P. L. Punia is married to Indira Punia and they have 3 children. Their son Tanuj Punia is a graduate (B.Tech) from IIT Roorkee and has been involved in social work since 2007. He contested the 2017 Uttar Pradesh election as a Congress candidate in Zaidpur and came runner-up. He has become a spokesperson of the Indian National Congress since then. In 2024 he became a Member of Parliament from Barabanki Lok Sabha Constituency. He defeated Rajrani Rawat of the Bharatiya Janata Party by a margin of over 2 lakh votes.

==Political life==
Punia began his career as a civil servant in the Indian Administrative Service (IAS), serving in the Uttar Pradesh cadre.
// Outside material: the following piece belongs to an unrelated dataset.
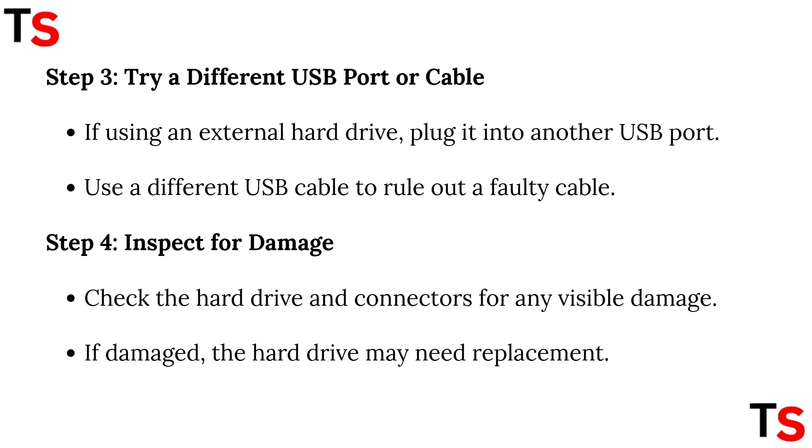Step 3: try a different USB port or cable. If using an external hard drive, plug it into another USB port. Use a different USB cable to rule out a faulty cable. Step 4: inspect for damage. Check the hard drive and connectors for any visible damage. If damaged, the hard drive may need replacement.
During his tenure, he worked closely with several Chief Ministers, including Mayawati, and gained experience in governance and public administration. After taking voluntary retirement, Punia entered active politics and joined the Congress Party.

He was a member of the Lok Sabha from 2009 to 2014 and represented Barabanki (Lok Sabha constituency). in Uttar Pradesh and later served as a Member of the Rajya Sabha. He was also chairperson of the National Commission for Scheduled Castes between 2013 and 2016 and as such sat ex officio on the National Human Rights Commission (NHRC).